• EXERCISE BRIEF: In the listing below, find the line containing "Фарфоровая статуэтка большой" and the line containing "4635 SENKPIEL AVENUE, Prince George 3". Repeat exactly those two lines and every line between them.

[DATA FOR REVIEW Boundary: Start]

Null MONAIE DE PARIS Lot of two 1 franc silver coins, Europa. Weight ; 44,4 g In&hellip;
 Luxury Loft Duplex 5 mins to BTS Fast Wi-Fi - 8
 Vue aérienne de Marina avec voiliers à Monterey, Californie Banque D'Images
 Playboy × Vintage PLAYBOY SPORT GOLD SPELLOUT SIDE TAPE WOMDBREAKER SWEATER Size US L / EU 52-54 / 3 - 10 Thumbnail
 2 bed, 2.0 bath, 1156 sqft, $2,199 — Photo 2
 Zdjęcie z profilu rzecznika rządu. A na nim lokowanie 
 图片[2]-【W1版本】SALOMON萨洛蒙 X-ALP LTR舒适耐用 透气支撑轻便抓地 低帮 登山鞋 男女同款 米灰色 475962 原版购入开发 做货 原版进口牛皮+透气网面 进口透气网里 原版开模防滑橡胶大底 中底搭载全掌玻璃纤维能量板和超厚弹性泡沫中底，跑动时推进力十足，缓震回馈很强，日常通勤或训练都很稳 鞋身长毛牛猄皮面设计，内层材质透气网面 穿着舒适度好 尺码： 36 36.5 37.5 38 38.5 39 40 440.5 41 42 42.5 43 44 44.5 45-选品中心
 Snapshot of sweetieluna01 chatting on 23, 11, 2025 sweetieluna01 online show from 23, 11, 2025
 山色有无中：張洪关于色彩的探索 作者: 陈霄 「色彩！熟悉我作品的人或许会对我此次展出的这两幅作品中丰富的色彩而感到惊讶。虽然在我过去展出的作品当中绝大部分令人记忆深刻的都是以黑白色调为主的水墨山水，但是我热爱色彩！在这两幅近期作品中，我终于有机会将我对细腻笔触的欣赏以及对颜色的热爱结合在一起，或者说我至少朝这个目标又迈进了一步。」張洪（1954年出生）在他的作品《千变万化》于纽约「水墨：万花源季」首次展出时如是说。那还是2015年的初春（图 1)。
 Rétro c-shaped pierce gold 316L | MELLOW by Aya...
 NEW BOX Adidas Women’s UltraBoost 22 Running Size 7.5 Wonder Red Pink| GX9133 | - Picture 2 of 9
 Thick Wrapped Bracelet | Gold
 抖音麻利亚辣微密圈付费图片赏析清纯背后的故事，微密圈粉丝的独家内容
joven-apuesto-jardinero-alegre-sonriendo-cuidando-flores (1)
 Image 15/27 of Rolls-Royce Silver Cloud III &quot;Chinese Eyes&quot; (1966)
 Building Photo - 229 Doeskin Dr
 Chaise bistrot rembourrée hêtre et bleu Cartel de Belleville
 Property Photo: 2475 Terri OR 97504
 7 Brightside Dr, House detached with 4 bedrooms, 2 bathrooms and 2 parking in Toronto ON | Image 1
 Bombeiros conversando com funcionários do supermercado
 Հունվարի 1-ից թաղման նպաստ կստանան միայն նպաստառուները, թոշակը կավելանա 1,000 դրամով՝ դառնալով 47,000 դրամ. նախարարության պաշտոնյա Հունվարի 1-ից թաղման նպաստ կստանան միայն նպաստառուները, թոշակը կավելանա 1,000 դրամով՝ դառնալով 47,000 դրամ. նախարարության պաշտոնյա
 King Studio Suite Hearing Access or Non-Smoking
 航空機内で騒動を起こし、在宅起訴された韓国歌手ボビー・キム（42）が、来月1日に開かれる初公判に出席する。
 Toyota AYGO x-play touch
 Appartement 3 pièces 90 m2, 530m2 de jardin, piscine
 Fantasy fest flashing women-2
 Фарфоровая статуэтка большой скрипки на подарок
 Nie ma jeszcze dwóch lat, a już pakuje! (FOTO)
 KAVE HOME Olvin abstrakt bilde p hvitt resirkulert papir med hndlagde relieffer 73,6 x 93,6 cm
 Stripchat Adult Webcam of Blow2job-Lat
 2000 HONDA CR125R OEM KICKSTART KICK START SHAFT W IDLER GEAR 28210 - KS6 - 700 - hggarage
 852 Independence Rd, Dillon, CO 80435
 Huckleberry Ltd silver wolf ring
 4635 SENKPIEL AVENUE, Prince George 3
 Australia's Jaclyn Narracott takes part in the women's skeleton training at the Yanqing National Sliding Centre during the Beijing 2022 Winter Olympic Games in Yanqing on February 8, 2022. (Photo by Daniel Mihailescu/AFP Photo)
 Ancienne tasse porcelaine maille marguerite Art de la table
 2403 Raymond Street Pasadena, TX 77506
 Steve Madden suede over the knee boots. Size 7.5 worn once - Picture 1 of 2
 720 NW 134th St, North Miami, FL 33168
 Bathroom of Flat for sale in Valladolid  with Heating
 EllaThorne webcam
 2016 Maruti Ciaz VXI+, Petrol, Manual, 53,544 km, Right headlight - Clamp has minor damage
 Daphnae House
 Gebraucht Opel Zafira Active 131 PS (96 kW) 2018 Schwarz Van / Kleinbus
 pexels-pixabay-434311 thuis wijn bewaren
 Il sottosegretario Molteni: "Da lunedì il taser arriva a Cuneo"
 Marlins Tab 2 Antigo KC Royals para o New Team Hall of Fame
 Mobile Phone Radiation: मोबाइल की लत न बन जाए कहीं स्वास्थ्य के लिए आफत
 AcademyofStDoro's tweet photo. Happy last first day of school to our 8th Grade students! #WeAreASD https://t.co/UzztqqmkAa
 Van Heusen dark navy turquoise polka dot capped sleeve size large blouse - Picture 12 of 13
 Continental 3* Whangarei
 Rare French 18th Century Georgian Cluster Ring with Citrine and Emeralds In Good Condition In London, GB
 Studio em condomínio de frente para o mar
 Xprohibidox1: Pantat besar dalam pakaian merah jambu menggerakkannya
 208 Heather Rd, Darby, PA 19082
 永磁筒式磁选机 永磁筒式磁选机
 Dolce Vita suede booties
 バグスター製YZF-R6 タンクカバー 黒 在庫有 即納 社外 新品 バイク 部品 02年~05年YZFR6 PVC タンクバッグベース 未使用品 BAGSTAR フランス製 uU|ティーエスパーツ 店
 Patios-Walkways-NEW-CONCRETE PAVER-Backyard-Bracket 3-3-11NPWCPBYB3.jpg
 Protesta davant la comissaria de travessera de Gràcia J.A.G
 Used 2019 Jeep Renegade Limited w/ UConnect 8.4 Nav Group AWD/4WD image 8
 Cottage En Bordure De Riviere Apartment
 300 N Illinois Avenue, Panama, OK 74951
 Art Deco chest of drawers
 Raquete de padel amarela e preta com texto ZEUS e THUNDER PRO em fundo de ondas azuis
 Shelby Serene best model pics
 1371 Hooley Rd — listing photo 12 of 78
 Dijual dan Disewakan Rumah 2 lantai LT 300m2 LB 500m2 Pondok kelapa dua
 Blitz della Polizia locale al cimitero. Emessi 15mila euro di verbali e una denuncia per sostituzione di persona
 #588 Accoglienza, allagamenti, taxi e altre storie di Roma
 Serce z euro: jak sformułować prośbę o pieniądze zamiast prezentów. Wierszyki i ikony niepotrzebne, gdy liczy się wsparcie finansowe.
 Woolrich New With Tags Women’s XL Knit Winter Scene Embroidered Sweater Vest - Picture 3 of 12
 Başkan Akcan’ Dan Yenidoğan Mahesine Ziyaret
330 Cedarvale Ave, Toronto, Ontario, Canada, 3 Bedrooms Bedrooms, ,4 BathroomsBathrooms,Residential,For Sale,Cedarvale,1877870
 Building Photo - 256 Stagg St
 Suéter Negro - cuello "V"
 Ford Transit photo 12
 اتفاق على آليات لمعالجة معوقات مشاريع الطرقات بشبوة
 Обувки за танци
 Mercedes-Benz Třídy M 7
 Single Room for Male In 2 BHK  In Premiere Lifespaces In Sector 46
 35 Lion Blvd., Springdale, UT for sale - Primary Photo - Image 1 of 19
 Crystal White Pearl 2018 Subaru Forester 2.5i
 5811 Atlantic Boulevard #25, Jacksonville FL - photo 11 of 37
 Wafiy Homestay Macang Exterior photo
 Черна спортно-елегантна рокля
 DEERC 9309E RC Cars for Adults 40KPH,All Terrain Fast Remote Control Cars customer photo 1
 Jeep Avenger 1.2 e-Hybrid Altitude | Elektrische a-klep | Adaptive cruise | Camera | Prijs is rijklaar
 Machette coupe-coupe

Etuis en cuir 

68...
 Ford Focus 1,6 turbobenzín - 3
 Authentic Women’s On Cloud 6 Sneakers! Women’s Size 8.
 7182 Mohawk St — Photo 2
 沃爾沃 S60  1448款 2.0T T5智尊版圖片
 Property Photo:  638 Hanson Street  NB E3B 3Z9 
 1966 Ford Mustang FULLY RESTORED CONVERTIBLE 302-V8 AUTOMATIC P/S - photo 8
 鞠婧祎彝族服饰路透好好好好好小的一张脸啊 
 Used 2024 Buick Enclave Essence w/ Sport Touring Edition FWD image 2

[DATA FOR REVIEW Boundary: End]

• ANSWER TO THIS EXERCISE:
 Фарфоровая статуэтка большой скрипки на подарок
 Nie ma jeszcze dwóch lat, a już pakuje! (FOTO)
 KAVE HOME Olvin abstrakt bilde p hvitt resirkulert papir med hndlagde relieffer 73,6 x 93,6 cm
 Stripchat Adult Webcam of Blow2job-Lat
 2000 HONDA CR125R OEM KICKSTART KICK START SHAFT W IDLER GEAR 28210 - KS6 - 700 - hggarage
 852 Independence Rd, Dillon, CO 80435
 Huckleberry Ltd silver wolf ring
 4635 SENKPIEL AVENUE, Prince George 3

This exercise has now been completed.